Deborah, known to her friends as “Debo”, married Andrew Cavendish, the later Duke of Devonshire, which led to her acquiring her royal title. She masterminded the transformation of Chatsworth House, the family’s 18th-century mansion, into a profitable tourist attraction that now hosts more than a million visitors a year. She was also famously devoted to her chickens and regularly hosted parties where live hens would strut about the dinner table.

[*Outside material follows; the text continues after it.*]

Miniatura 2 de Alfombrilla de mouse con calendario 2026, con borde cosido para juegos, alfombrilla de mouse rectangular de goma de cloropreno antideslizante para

She was once photographed feeding her chickens while wearing a Balmain ball gown and pearls.
Among Deborah’s friends included President Kennedy, Winston Churchill, Lucian Freud, Evelyn Waugh, Alan Bennett, members of the Royal Family, Hubert de Givenchy, Oscar de la Renta and Cecil Beaton. In fact, an exhibition of Beaton’s photographs of Deborah and her glittering social circle will also be shown at Chatsworth from 19 March 2016 to 3 January 2017.
Among some of the highlights from the sale include:
A true first edition of Evelyn Waugh’s novel Brideshead Revisited with a personal inscription by the author. Sold for £52,500.

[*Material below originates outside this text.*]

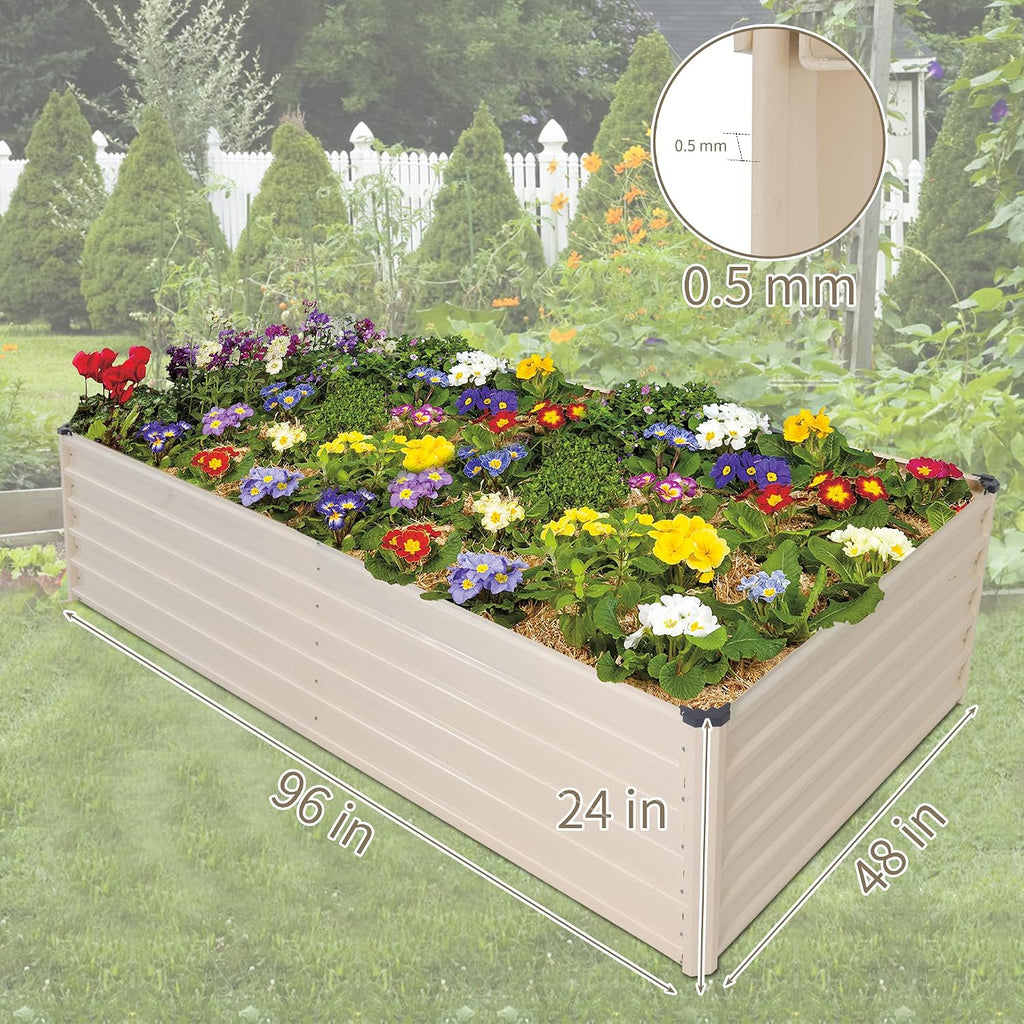 Galvanized Raised Garden Bed Kit, 8x4x2ft Planter Raised Garden Boxes Outdoor with Anti-Rust Paint, Rectangle Metal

The Duchess’s collection of Elvis Presley epherema, including a novelty Elvis telephone that dances and sings when it rings. Sold for £4,375
A pair of paintings by the famous landscape painter John Atkinson Grimshaw. Bolton Abbey by Moonlight and A Wooded Landscape were among the Duchess’s favorite paintings. Sold for £52,500
A set of 12 wine glasses acquired from the Buckingham Palace gift-shop with a gold snake entwining every stem. Sold for: £4,375
A diamond and ruby brooch in the form of a butterfly. A present from Andrew. Sold for: £62,500
A diamond brooch designed by Andrew for their Diamond wedding anniversary in 2001, formed in the shape of a heart pierced by an arrow. Sold for: £40,000.
A Japanese gilt-decorated Guardian figure from the Meiji period. It was acquired by the Duchess’s grandfather Algernon Bertram Freeman-Mitford, probably presented by Emperor Meiji of Japan. Sold for £62,500.

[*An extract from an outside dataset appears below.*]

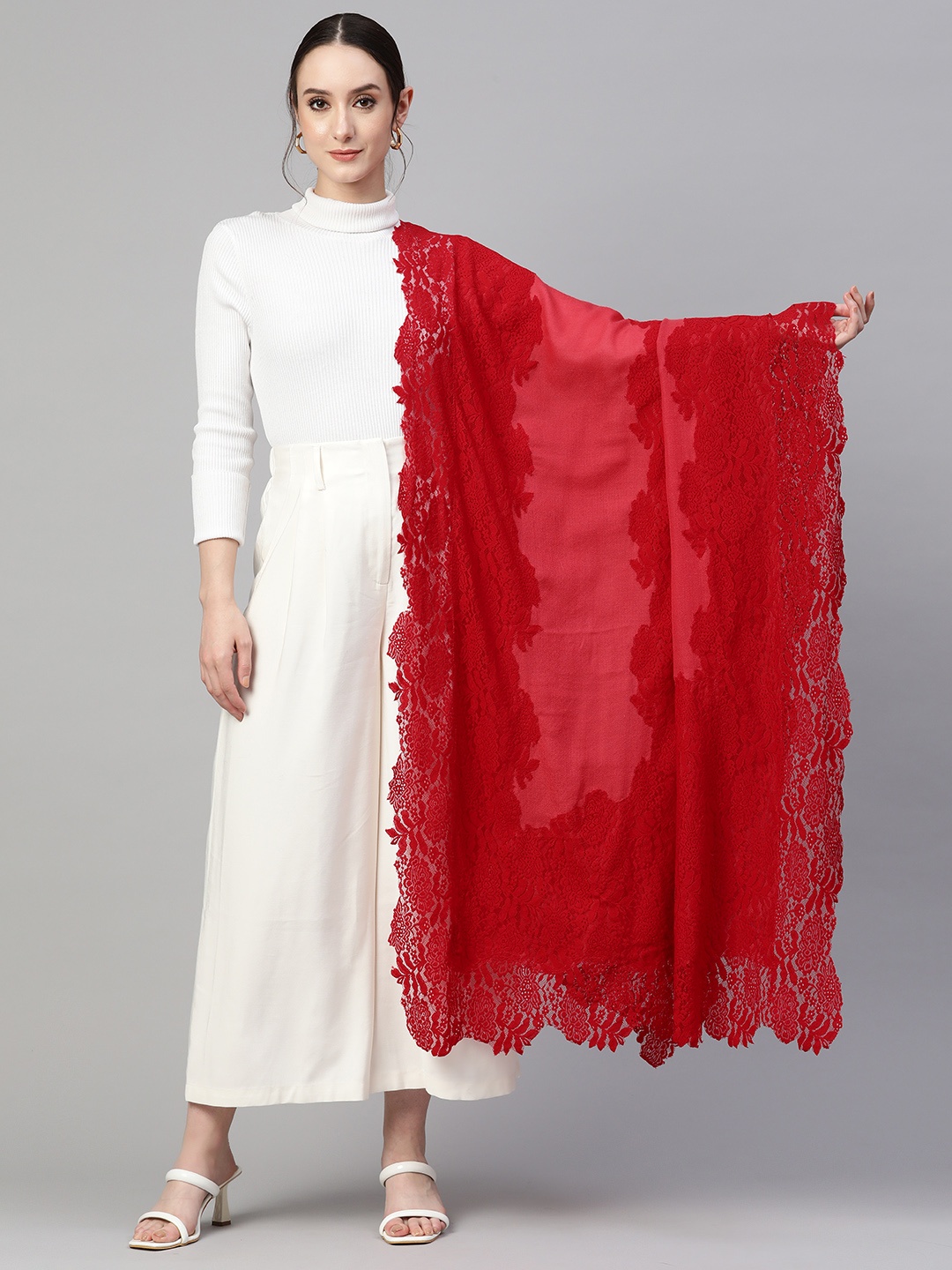 

MODARTA Women Wool Floral Embroidered Shawl, Red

Deborah’s archive of personal correspondence – letters, books, manuscripts and documents relating to the Mitford sisters – has been left to Chatsworth House Trust, together with her collection of couture clothing, and is planned to be accessible by the public in due course.
Henry Wyndham, Chairman of Sotheby’s Europe and Auctioneer for much of the sale, noted that the Duchess “represented the last of a special era” and that she “would have been quietly amused by the whole event, but most of all would have been pleased to see her belongings find brand new homes where they’ll be treasured”.
The Mitford sisters remain prominent figures in the history books for charming and shocking the world with their gracious wit and scandalous affairs.